● **Items listed in a dataset**
[Start of Attachment]

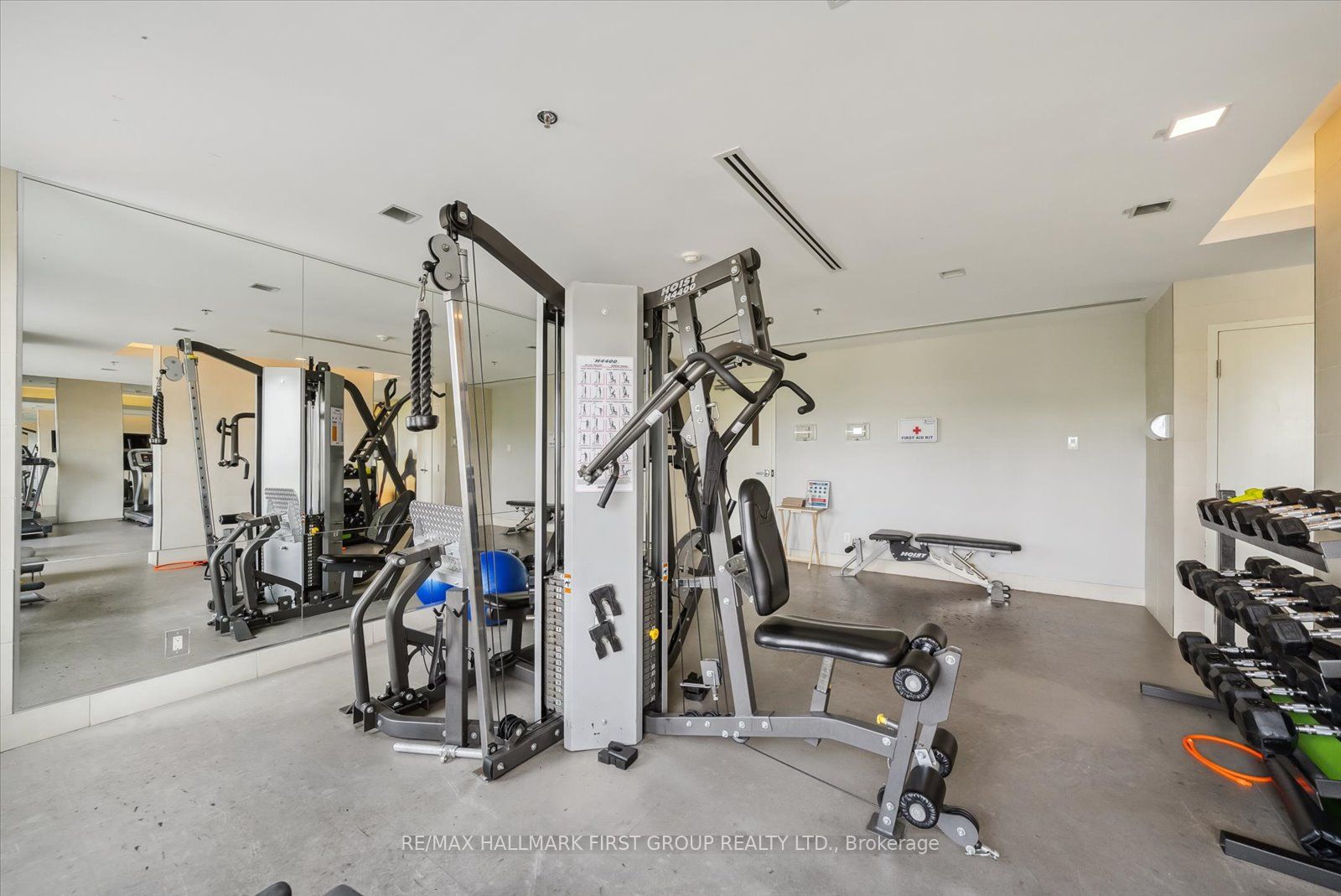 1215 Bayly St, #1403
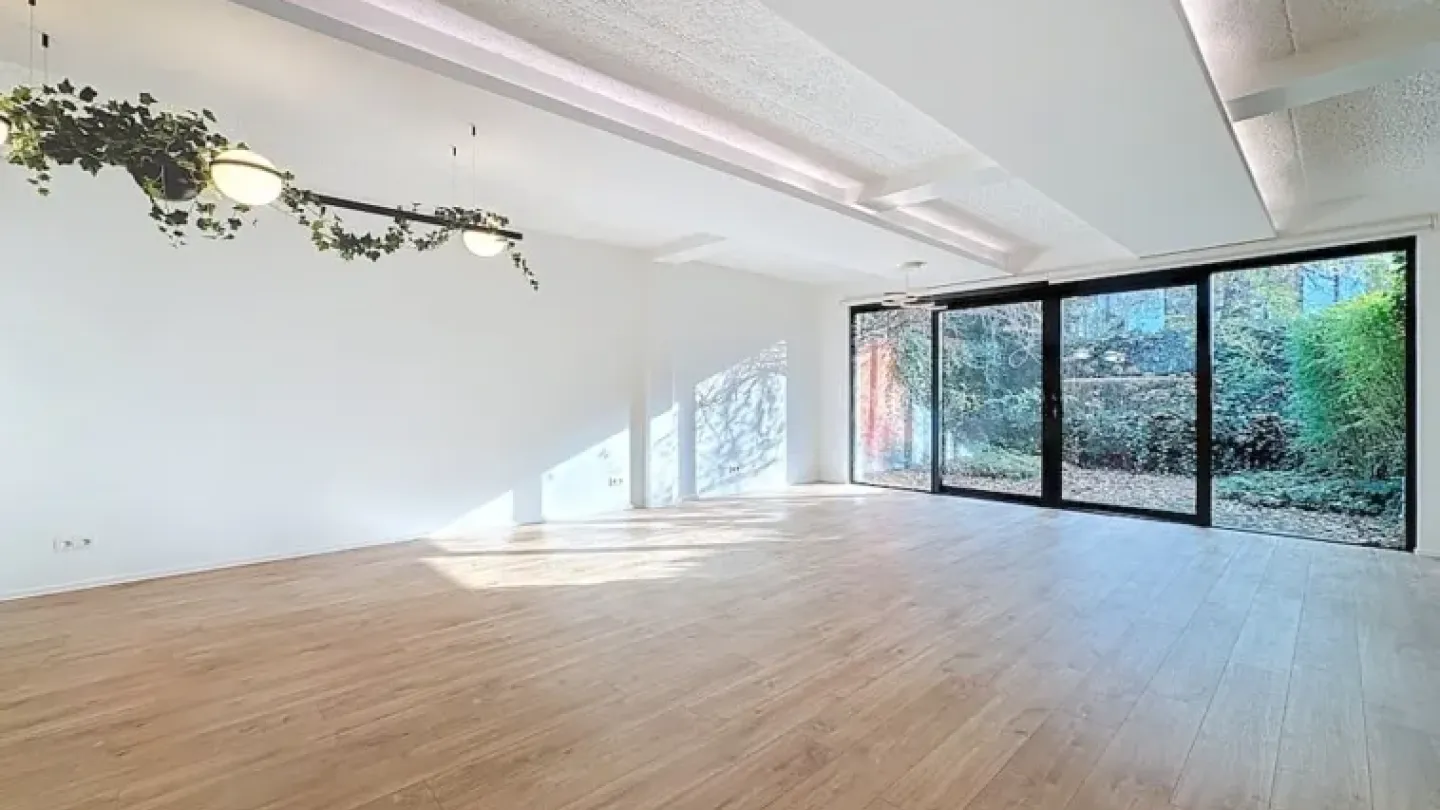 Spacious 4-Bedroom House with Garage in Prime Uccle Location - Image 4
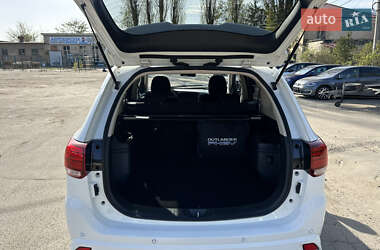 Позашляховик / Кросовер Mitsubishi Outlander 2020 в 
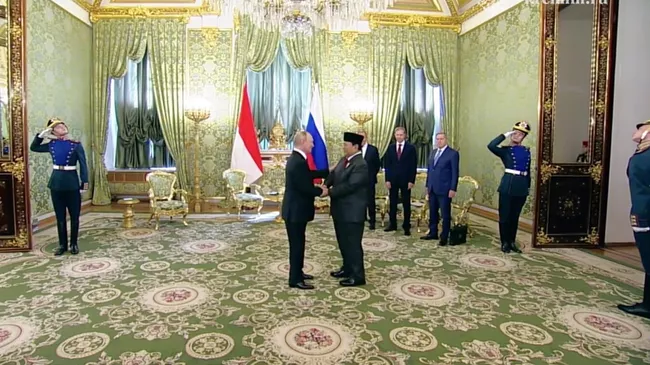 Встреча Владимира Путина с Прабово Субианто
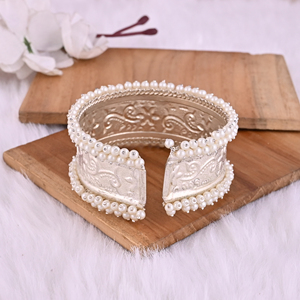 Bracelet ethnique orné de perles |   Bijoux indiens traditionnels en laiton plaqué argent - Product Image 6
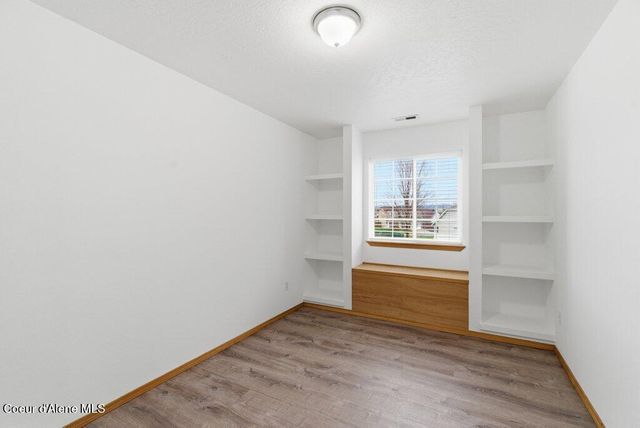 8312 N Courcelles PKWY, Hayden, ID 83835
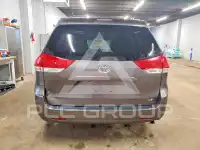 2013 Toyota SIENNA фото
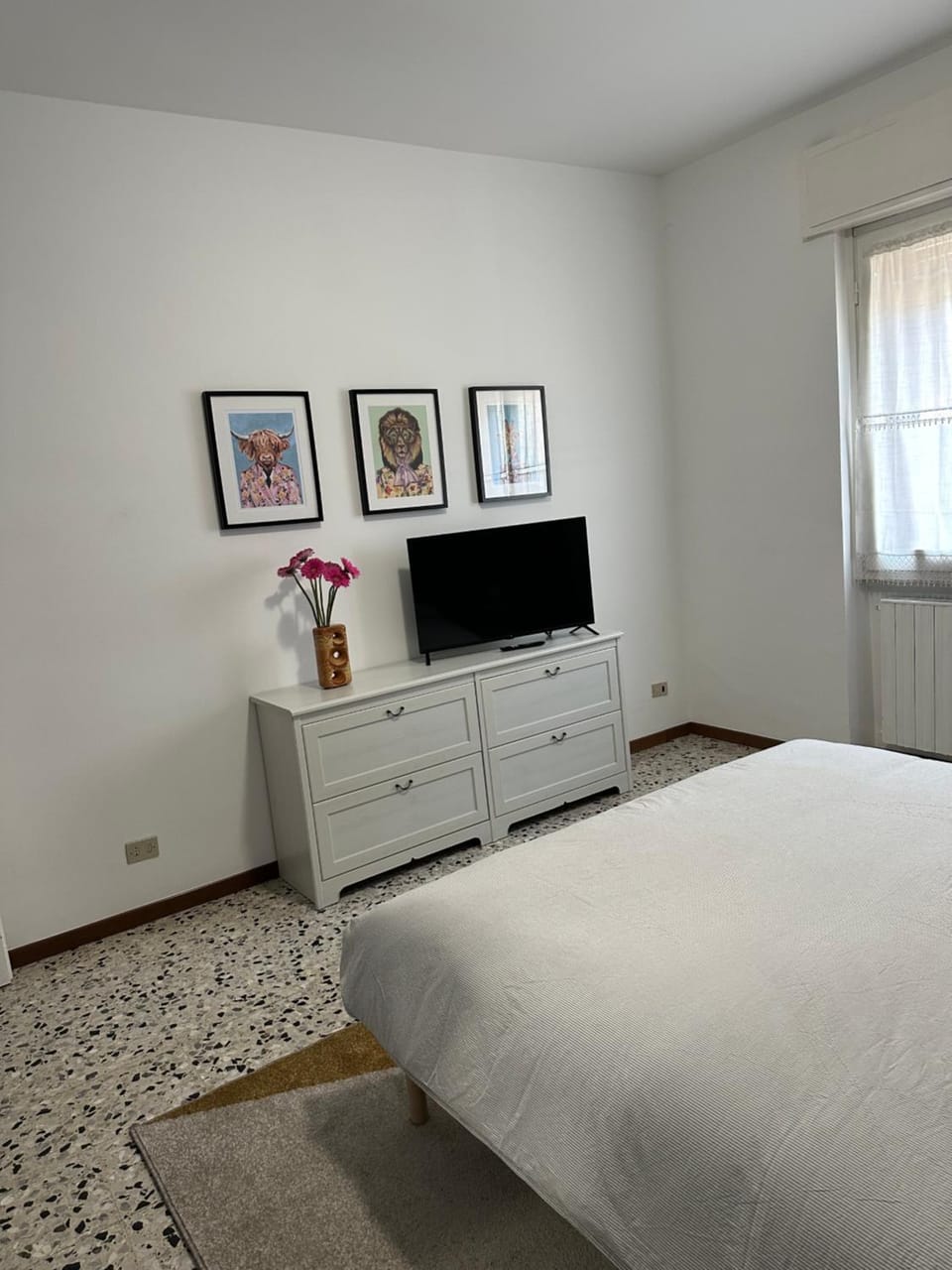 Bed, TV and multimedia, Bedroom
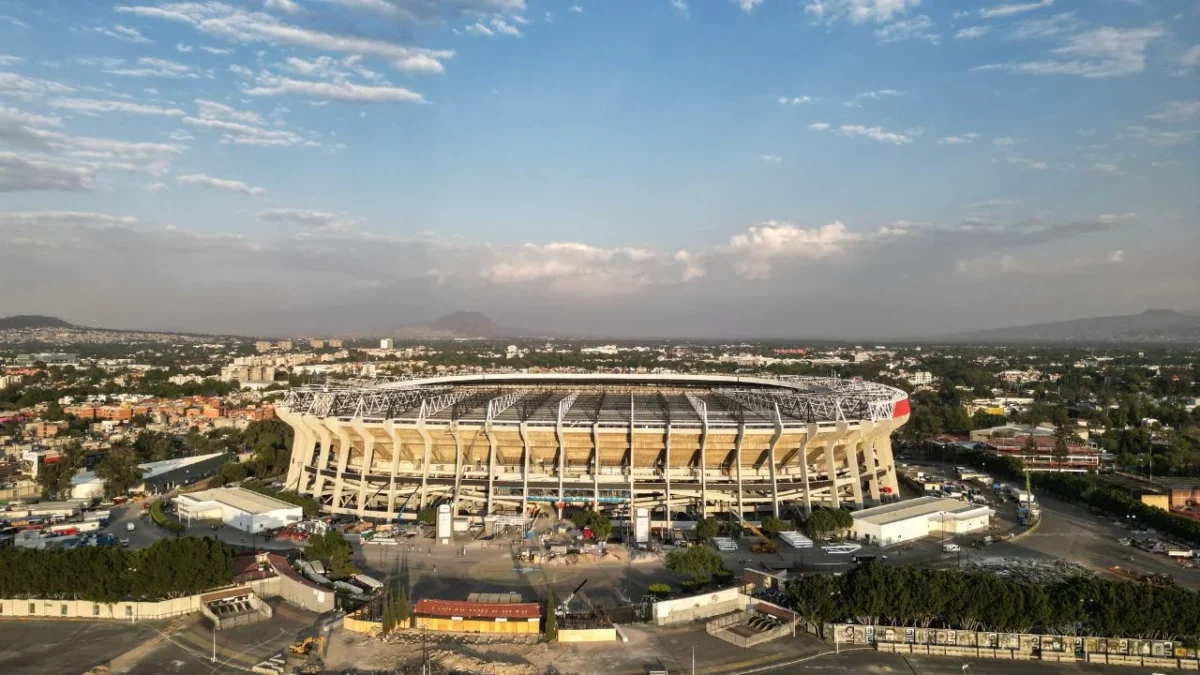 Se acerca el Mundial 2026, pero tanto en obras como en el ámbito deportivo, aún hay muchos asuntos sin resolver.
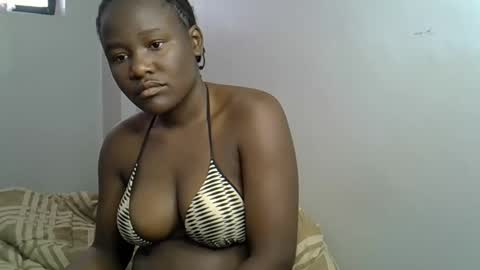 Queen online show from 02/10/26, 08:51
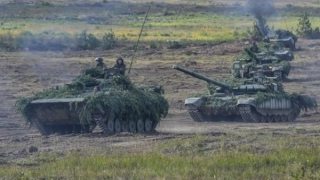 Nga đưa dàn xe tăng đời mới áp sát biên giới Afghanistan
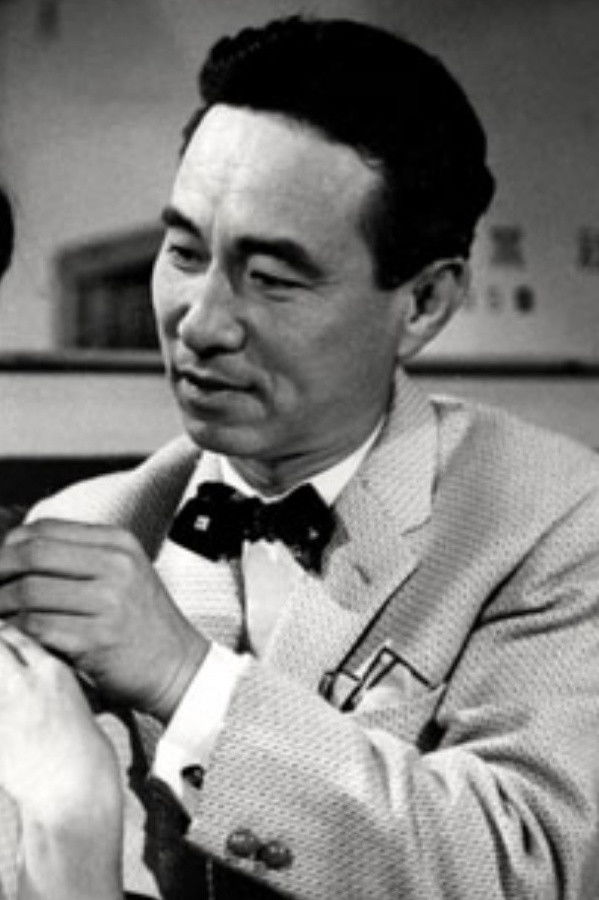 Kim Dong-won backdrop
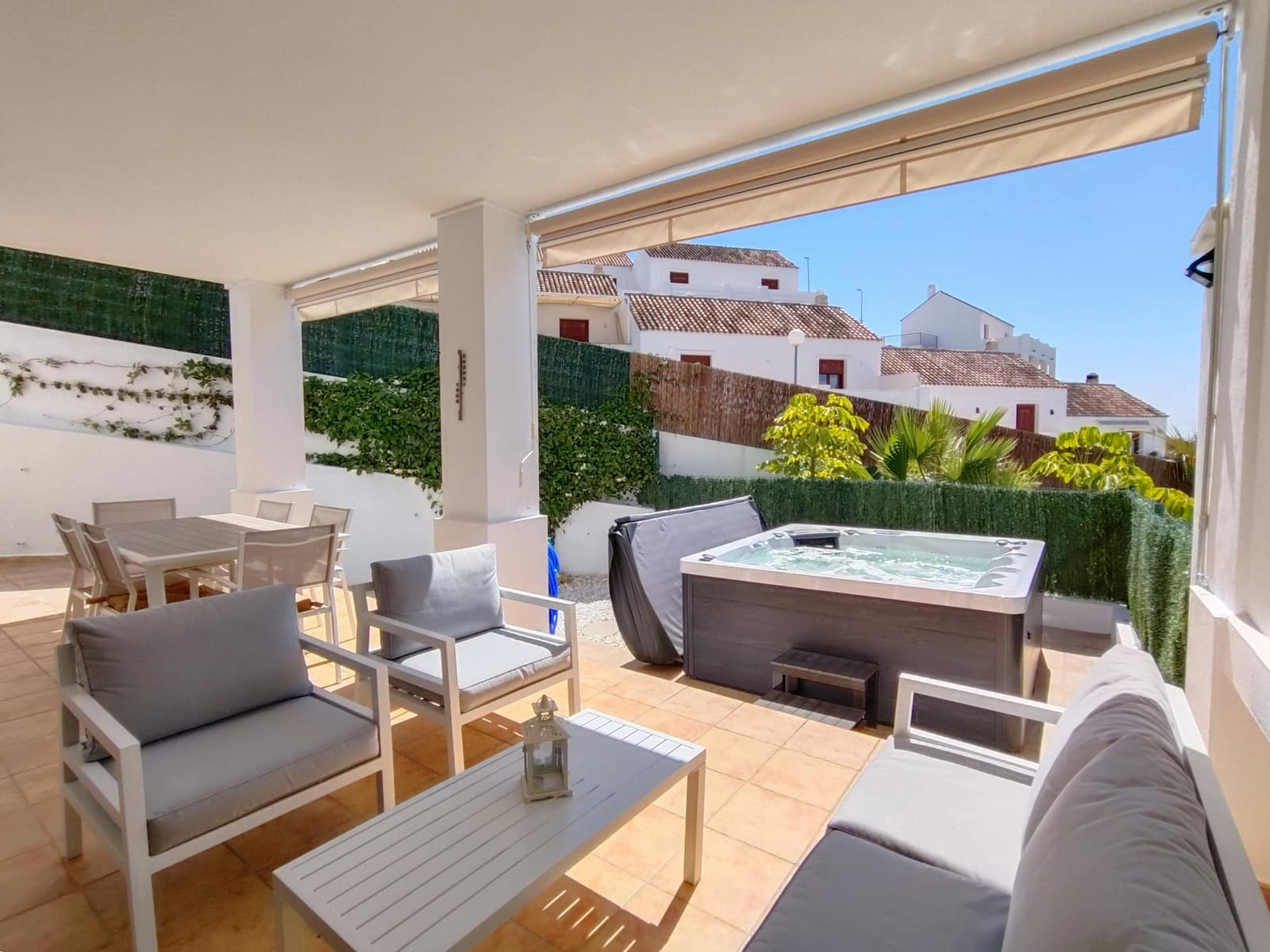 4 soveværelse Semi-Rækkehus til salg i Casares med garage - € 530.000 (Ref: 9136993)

[End of Attachment]

● **What this task involves**
From the line containing "Spacious 4-Bedroom House" to the last line of the entries, output every line exactly as written, but leave out the pictures.

● **Answer for the task**
 Spacious 4-Bedroom House with Garage in Prime Uccle Location - Image 4
 Позашляховик / Кросовер Mitsubishi Outlander 2020 в 
 Встреча Владимира Путина с Прабово Субианто
 Bracelet ethnique orné de perles |   Bijoux indiens traditionnels en laiton plaqué argent - Product Image 6
 8312 N Courcelles PKWY, Hayden, ID 83835
 2013 Toyota SIENNA фото
 Bed, TV and multimedia, Bedroom
 Se acerca el Mundial 2026, pero tanto en obras como en el ámbito deportivo, aún hay muchos asuntos sin resolver.
 Queen online show from 02/10/26, 08:51
 Nga đưa dàn xe tăng đời mới áp sát biên giới Afghanistan
 Kim Dong-won backdrop
 4 soveværelse Semi-Rækkehus til salg i Casares med garage - € 530.000 (Ref: 9136993)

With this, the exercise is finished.